Archive for April, 2009

Why did you do that?

| Gabriel |

In a previous post, I applied diffusion methods to interpret the conversion of the Roman empire, today I’m thinking about the conversion of one particular Roman and what it can teach us about the problem of accounts for action. In Confessions, Augustine of Hippo describes his conversion to Christianity and makes important contributions to theology and philosophy. The book is important to the history of Western thought both for its impact on Christian doctrine and (my concern) that it was the first introspective memoir. Augustine tells us much more about how he felt and why he did things than about what he actually did. Most obviously, he frequently laments his lust but doesn’t give us any of the dirt. After an introductory prayer, the book begins by telling us that he’s not completely positive that he remembers it, but he’s pretty sure that he was a sinner as a baby and it goes on like that from there. A typical line about his boyhood goes “For in thy eyes, what was more infamous than I was already, since I displeased even my own kind and deceived, with endless lies, my tutor, my masters and parents–all from a love of play, a craving for frivolous spectacles, a stage-struck restlessness to imitate what I saw in these shows?”
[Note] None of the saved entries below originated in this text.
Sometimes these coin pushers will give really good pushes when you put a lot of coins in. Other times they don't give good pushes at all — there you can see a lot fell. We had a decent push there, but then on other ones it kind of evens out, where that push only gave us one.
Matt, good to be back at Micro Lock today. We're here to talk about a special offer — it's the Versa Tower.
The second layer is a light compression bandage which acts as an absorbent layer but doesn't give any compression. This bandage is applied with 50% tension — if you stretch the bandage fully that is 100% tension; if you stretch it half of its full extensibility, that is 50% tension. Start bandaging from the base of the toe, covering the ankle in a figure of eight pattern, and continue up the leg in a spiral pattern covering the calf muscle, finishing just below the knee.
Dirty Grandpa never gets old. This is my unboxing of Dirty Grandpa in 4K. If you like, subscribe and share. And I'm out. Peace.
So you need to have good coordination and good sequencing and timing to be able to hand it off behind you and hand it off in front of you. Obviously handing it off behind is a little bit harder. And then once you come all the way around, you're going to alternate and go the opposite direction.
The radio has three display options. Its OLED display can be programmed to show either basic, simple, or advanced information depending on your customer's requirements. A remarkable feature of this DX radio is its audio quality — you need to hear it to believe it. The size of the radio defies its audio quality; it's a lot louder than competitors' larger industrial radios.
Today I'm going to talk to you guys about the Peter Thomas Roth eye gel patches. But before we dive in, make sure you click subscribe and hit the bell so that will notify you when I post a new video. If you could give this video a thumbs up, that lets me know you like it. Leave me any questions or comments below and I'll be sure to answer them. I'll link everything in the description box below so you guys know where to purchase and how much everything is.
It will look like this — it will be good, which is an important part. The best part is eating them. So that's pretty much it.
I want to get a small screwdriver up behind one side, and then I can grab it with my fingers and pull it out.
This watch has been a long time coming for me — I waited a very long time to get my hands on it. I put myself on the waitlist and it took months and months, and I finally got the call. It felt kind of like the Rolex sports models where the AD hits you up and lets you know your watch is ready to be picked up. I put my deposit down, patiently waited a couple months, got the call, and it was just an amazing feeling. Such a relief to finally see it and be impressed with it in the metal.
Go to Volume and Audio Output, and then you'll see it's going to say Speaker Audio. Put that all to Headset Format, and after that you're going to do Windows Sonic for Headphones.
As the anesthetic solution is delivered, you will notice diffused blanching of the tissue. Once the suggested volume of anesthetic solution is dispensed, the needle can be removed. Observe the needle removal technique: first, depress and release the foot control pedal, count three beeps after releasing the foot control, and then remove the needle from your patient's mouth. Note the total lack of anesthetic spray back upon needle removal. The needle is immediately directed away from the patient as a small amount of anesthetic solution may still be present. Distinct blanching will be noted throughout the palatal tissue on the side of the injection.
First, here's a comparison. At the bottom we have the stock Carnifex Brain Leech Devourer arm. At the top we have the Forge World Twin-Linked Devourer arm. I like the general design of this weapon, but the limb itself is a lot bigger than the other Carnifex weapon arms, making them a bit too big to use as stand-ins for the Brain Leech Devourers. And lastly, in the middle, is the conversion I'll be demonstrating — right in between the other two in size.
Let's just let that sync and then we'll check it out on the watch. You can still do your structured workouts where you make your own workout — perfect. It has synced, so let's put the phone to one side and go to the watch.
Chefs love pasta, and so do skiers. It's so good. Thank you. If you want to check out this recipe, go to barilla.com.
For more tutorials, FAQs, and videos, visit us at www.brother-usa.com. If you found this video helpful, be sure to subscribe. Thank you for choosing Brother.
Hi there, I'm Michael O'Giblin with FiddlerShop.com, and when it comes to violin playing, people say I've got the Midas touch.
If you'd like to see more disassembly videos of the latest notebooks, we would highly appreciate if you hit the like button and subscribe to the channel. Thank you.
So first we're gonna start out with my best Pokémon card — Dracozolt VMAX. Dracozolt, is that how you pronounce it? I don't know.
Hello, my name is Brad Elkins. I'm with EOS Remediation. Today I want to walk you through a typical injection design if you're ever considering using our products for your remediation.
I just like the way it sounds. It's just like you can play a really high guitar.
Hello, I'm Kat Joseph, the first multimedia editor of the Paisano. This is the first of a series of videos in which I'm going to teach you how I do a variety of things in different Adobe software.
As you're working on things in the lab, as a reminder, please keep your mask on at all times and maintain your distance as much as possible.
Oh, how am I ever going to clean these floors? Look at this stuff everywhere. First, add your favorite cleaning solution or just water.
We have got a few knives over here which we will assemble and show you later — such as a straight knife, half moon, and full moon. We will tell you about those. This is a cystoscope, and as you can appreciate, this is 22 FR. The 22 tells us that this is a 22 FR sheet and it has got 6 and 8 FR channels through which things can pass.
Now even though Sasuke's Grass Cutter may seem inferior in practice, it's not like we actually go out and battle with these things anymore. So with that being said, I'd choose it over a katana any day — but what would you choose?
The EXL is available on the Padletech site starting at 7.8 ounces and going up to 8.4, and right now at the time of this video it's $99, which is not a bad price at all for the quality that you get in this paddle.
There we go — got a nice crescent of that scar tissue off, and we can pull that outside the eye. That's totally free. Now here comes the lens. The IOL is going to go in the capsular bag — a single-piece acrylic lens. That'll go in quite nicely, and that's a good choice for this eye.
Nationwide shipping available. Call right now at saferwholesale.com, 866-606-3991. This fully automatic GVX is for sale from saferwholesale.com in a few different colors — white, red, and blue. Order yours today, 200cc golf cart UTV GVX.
Contrast this with this passage from Gallic Wars, “When Caesar was informed by spies that the Helvetii had already conveyed three parts of their forces across that river, but that the fourth part was left behind on this side of the Saone, he set out from the camp with three legions during the third watch, and came up with that division which had not yet crossed the river.” Caesar’s memoir is an extreme case of all plot, no character, but most other ancient works were similar. Xenophon’s Anabasis is also written in third person and focuses on plot. Xenophon never describes his motives or feelings in the narrator’s voice but only in the dialogue when he answers direct criticisms of his leadership by other soldiers at assembly. (In a few places Xenophon does provide character portraits of other people, most notably a sycophantic obituary for Cyrus and a hilariously nasty obituary for Menon). The closest thing you get to prose emphasizing personality and mental states prior to Augustine are Plutarch’s Lives and 1st and 2nd Samuel but these are biographies not autobiographies and they mostly take a “show, don’t tell” approach.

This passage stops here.